- 1 1/2 cups plus 1 tablespoon skim milk
- 1 tablespoon plus 1 teaspoon egg, beaten
- 1 cup unbleached bread flour, King Arthur brand
- 1/4 teaspoon salt
Sift the flour and salt together. Do not use skim milk prepared from a dry mix. Whole or 2% milk work just fine; however, if you use whole milk, you will need to add one to two additional tablespoons to the amount specified for the skim milk. If you double the recipe, you can use 1 whole large size egg. Beat the egg and then add to the milk. Stir slowly a couple times with a spoon; however, do not try to mix well.Add the flour mixture to a bowl and then add 1/2 of the milk mixture. Mix well with a wire whisk. Add 1/3 at a time of the remaining milk mixture, mixing well each time before adding the additional milk. Run through a wire sieve if necessary to eliminate lumps. Pour the batter into a sealable pitcher or 4-cornered sealable plastic container. A large heavy weight skillet with a low edge and a nonstick surface is best. Preheat for around 8 minutes over the largest burner if you have an electric stove. Preheat at the same setting that you will be cooking the pancakes at. A heat setting of 6 out of 9 works well with some stoves. A pancake should be finished in 1 minute and 35 seconds. Increase or decrease the heat setting as needed.

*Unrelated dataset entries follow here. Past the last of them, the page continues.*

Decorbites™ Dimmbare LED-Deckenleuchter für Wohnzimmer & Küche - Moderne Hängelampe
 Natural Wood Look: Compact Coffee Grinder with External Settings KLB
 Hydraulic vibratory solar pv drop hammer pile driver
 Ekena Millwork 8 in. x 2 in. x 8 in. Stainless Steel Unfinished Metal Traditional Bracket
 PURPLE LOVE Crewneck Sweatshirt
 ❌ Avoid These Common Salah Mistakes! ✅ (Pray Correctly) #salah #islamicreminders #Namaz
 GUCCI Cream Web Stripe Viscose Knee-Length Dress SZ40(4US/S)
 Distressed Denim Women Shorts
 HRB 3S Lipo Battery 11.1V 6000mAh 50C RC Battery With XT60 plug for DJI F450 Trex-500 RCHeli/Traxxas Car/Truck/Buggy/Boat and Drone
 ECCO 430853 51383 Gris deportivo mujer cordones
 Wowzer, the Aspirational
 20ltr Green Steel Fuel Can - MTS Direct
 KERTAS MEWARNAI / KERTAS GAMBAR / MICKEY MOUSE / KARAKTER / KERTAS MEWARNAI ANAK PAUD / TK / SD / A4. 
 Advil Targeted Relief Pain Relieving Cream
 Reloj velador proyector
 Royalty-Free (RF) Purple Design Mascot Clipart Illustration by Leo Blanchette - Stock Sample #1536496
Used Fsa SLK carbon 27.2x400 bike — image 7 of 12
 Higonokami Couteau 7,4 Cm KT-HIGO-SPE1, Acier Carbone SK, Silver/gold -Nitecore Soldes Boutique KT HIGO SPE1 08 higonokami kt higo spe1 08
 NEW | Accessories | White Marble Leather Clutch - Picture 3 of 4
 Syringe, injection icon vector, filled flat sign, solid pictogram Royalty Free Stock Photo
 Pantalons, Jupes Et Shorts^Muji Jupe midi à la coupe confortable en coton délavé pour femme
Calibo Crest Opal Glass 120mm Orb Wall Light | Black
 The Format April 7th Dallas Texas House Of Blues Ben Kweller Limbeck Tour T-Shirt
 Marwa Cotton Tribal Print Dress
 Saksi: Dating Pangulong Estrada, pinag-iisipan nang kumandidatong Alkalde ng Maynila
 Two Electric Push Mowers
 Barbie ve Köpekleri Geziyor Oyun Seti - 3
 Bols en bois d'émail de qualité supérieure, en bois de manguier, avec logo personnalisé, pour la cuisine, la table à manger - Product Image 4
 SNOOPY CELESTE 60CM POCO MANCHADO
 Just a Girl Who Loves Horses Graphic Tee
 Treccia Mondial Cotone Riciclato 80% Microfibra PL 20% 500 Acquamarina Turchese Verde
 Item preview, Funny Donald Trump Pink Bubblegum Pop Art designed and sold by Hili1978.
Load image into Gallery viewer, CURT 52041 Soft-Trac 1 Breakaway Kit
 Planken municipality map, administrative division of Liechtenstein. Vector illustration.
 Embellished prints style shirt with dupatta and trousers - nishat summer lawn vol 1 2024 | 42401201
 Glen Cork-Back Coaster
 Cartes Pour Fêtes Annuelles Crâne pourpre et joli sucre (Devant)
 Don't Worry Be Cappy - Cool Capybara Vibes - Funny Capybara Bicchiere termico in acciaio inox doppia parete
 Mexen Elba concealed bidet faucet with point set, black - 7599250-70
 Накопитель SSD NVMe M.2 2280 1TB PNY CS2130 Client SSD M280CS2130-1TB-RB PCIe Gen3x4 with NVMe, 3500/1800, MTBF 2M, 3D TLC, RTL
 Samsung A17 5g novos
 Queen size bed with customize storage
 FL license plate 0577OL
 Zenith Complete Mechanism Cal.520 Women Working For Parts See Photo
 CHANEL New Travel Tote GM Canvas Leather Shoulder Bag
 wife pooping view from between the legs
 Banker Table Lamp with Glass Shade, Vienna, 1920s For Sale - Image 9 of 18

Pour the pancake batter to 2/3 to 3/4 of the desired finished size of the pancake. Pick up the pan immediately after pouring the batter and tilt it so that the batter spreads and flows to the full intended size. If the batter is fairly thick, do not be afraid to tilt the pan almost vertically, if needed, to get the batter to spread out quickly. Immediately tilt the pan in the opposite direction that you just tilted it, to even out the depth of the batter. You will probably need to tilt the pan in several different directions to even out the shape and depth of the pancake.
The first side of the pancake should be fried for about 50 to 55 seconds before flipping. The second side, after it has been fried, will have a very different appearance than the first side. A sign of a batter that is thin enough and has been spread out well by tilting the pan is that you may see the edge of the pancake loosen and rise up in several spots to create ruffles near the end of the frying time.
If using syrup as a topping, the pancake can be folded twice. For a nutty version, try spreading margarine and then honey over the entire pancake. Then add finely chopped pecans or English walnuts on 1/2 of the pancake before making the first fold. Rose's Lime Fine Cut Marmalade is my favorite spread. A thin layer of warmed and softened Philadelphia cream cheese alone or with an additional thin layer of jelly or jam over the top makes a great topping. Cream cheese and raspberry jam are a good combination.
2 servings, makes 6 pancakes that are 7 inches in diameter.